Thursday, 19 September 2013

Its what a friend would do

My Myers-Briggs personality profile is ESFJ, and a big part of that 'style' is wanting harmony for myself and others. A less forgiving person once described me as a ''unity addict''. Once I got over the insult, I realised she was probably about right.

Many years ago, when my marriage was performing the dying swan, I did my best to keep it a secret.  It was only later, much later, that friends and family offered observations on what they had seen happening. Many commented on how sad they felt about what had happened, which was nice to hear, and how they ''didn't know what to do'' which was...unsurprising but also disappointing.  At the time, there wasn't a single person in my/our circle of friends who was separated or divorced, so I guess no one really had any experience of the demise of a relationship. On the other hand, I wonder if maybe one, just one, person had said, STOP! don't give up just yet!, maybe it might have made a difference. I'll never know.

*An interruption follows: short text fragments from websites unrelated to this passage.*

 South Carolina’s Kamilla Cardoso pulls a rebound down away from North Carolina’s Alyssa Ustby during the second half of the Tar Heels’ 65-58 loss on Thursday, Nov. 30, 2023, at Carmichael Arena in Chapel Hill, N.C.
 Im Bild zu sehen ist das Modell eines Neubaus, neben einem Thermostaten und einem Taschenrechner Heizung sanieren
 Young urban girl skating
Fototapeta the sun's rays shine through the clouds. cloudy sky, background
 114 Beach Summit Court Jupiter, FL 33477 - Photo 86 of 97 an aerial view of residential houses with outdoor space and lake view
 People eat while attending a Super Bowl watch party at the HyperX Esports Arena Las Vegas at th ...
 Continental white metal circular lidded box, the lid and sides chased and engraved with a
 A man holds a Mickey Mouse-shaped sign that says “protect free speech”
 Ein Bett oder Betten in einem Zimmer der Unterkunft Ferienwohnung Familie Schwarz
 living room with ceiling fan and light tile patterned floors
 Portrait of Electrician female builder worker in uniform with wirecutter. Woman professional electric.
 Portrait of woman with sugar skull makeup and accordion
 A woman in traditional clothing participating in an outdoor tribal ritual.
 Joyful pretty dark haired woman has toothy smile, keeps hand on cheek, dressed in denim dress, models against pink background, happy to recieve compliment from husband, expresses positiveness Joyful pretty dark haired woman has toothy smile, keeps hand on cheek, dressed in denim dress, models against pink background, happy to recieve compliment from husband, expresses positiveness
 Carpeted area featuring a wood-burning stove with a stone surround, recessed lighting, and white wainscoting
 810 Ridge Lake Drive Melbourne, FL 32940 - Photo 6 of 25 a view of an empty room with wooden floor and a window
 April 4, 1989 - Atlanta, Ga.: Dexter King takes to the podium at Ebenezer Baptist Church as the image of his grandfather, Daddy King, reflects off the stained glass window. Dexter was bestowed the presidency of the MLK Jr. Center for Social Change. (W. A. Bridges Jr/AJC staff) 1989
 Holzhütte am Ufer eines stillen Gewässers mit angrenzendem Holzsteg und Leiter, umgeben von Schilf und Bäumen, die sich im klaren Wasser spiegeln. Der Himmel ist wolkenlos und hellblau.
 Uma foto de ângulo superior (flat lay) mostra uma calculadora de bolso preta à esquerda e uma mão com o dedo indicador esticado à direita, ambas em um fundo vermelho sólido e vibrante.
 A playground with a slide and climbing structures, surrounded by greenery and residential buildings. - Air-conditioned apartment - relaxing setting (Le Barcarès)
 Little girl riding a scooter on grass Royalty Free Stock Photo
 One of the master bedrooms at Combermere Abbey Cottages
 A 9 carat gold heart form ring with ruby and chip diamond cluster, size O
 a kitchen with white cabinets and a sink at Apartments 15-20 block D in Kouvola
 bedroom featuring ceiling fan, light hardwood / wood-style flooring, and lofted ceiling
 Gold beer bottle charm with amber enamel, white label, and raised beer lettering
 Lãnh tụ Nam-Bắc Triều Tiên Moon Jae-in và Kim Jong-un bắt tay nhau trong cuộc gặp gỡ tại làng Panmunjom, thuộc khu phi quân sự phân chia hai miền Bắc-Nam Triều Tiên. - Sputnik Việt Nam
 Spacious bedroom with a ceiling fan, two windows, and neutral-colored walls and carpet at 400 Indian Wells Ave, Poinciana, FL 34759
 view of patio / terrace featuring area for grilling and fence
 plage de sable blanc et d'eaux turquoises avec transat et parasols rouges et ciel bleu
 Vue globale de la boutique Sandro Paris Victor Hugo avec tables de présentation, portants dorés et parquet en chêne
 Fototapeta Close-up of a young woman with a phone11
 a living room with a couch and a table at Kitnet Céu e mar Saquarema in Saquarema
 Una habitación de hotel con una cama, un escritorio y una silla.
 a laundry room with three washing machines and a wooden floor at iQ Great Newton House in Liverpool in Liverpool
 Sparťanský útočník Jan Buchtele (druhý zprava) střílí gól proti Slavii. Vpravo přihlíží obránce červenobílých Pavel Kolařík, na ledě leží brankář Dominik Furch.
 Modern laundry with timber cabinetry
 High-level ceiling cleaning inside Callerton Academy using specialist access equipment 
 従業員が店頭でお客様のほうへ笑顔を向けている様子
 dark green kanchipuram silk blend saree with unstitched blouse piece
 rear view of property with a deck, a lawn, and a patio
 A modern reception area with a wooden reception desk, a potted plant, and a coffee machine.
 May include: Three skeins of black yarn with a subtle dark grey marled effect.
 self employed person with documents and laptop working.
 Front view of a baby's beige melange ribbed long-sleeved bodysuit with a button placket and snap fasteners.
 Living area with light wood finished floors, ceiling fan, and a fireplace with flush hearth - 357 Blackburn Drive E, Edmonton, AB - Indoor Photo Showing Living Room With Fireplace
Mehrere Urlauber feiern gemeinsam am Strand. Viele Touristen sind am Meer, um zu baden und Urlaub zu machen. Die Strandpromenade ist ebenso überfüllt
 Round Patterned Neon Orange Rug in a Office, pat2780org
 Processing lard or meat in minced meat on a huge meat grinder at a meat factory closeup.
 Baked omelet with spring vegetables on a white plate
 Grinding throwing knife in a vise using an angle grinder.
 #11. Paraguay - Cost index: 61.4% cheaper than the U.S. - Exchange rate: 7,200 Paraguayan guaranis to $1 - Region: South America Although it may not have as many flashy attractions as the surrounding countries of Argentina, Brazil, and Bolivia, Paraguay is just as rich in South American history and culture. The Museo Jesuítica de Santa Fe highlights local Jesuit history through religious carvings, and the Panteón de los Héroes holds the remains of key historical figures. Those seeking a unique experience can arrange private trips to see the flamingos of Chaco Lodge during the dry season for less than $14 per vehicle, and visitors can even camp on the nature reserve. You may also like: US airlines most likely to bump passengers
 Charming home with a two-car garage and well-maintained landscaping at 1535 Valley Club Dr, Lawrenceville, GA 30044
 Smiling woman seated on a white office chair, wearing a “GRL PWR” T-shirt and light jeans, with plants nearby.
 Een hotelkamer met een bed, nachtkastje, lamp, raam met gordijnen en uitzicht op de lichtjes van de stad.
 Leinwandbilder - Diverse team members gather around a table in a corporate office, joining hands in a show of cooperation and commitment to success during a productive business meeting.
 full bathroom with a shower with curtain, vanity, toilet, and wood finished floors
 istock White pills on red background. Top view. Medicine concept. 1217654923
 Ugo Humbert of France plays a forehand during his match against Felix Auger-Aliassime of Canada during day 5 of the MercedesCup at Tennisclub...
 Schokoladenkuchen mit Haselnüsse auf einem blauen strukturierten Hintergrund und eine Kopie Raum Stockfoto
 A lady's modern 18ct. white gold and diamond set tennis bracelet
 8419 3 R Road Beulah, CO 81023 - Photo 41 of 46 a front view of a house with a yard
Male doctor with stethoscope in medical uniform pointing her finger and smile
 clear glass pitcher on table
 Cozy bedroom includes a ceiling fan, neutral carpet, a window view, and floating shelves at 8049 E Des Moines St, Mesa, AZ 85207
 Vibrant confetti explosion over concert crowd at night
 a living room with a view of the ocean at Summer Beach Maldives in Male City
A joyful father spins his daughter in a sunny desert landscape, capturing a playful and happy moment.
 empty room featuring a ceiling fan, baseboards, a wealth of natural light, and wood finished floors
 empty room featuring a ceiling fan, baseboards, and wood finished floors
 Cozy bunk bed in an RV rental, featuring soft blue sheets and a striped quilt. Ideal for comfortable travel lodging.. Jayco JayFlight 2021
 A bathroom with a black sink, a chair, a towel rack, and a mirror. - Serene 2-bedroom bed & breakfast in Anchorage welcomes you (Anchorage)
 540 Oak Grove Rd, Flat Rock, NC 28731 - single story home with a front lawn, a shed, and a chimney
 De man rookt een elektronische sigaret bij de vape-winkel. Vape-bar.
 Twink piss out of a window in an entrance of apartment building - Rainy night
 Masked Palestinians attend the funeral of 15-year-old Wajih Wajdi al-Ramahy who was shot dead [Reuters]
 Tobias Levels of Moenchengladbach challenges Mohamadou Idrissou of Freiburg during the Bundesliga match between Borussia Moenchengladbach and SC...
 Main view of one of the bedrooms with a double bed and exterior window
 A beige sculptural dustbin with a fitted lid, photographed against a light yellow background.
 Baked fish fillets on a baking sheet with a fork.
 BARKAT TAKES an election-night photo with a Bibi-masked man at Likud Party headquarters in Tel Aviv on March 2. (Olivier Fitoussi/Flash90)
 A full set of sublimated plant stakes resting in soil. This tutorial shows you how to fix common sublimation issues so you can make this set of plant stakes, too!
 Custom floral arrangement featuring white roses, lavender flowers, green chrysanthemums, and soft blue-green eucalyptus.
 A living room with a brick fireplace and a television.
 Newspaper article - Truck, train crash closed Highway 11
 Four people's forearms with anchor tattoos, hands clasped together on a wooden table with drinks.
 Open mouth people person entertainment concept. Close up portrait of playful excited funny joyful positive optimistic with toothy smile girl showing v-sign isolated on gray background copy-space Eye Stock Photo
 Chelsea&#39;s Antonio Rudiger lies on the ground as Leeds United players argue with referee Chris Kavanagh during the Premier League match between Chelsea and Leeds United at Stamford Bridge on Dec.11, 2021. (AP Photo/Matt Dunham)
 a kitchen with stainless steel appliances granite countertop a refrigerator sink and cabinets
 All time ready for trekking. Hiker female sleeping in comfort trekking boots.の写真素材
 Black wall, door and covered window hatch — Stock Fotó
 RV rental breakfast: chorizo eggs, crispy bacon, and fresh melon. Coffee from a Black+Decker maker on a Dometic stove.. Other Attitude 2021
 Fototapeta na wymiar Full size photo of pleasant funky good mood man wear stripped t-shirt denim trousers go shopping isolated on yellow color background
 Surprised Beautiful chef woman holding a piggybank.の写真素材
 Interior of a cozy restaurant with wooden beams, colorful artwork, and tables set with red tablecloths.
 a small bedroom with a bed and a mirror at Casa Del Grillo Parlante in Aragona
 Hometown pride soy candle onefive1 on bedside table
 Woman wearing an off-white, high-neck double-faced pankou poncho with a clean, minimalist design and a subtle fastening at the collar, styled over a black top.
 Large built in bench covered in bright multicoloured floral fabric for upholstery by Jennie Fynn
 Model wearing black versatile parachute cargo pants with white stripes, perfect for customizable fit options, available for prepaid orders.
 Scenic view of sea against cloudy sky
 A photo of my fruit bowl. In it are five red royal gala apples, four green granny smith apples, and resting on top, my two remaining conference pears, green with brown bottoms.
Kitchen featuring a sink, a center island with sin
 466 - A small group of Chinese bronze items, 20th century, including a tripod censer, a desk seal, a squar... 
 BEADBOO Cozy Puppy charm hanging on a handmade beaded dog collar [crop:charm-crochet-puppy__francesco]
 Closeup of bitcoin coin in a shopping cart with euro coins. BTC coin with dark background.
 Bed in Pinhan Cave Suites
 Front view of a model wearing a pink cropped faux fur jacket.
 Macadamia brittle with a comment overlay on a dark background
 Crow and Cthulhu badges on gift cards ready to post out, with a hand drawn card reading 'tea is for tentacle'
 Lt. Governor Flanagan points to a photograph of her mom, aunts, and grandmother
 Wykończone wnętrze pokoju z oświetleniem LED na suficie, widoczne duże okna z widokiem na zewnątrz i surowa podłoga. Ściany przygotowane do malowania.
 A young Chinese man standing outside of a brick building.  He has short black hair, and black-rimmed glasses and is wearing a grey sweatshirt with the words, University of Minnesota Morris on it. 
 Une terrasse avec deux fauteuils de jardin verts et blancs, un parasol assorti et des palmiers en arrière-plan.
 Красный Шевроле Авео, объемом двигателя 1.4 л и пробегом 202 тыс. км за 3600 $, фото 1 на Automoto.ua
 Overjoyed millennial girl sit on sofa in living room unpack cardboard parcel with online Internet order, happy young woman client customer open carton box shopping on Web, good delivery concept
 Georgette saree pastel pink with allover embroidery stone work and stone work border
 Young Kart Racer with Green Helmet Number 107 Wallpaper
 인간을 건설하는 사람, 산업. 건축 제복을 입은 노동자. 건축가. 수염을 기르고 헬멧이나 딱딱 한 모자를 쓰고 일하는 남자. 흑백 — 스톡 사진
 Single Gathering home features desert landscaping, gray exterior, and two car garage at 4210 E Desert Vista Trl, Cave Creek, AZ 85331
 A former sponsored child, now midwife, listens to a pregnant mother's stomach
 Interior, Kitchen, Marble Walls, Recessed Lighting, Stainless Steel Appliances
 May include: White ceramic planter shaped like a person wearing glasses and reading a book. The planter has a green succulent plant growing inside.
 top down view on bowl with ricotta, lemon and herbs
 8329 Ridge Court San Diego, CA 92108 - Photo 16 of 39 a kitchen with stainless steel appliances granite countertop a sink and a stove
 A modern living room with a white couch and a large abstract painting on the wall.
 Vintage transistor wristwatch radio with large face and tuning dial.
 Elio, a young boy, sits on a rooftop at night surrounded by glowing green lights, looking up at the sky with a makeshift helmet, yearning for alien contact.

Over the past few years, I've had the unfortunate experience of seeing many other relationships fail.  No matter what the circumstances, its always sad. But in particular, the ones who from the outside at least, appear to be strong and potential-filled, hold an extra dimension of sadness.  There are ALWAYS cases of friends who clearly were not right for each other, or had overwhelming odds. But even that, in my ''unity addict'' mind doesn't make it any happier or easier when the demise actually comes.

So, after hearing ''I didn't know what to do/I wish I had done something'' so many times, I made a promise to myself, that should I find myself on that side of the fence, I would do whatever I could to help the person who came to me.  This isn't about fixing someone Else's relationship. About interfering in their business.  But is IS about being proactively supportive, encouraging, and offering to do whatever the person needs. And by that I mean not just saying ''call me if you need me'', because it's likely that someone in crisis won't call.  It means really being there for them.  Including offering advice if it's asked for - and shutting up when it isn't., but also being sensitively honest when sharing my own thoughts, rather than just saying what I think someone might want to hear.

So this week, I had cause to be in this very situation. I could have said ''there there'', 'cos to be honest I really am not feeling like being a supportive friend for someone else right now.  But I didn't. I literally dropped everything. Sat and listened, cried with a friend.  When she asked for some advice I offered it. (Not sure that I am a good person to be asking for advice but anyway). And the advice I gave was this:  Take a breath. Talk to each other. Remember what you loved about him in the first place. It might feel squashed but that doesn't mean it's dead''.  I didn't say ''I think you're wrong'' or ''I think you're right'' or even ''far out that sounds impossible'', I just suggested she take some time before doing anything big. I wanted to say ''don't do it!'' and the time may come for me to say that - if I'm asked. Still, I reckon sometimes another persons perspective is what you need. Even if it isn't want you want - or even need - to hear.

Now, these guys will work it out for themselves, or not.  Who knows. I hope they do.  Its hard to put my own agenda aside of course (I want everyone to live happily ever after...), but I will not just sit by and do nothing, whilst people I care about are struggling. I never want to be the person that said ''oh I wish I'd said something''.

1 comment:

  1. A year on and they have worked it out. Stoked I am. Stoked.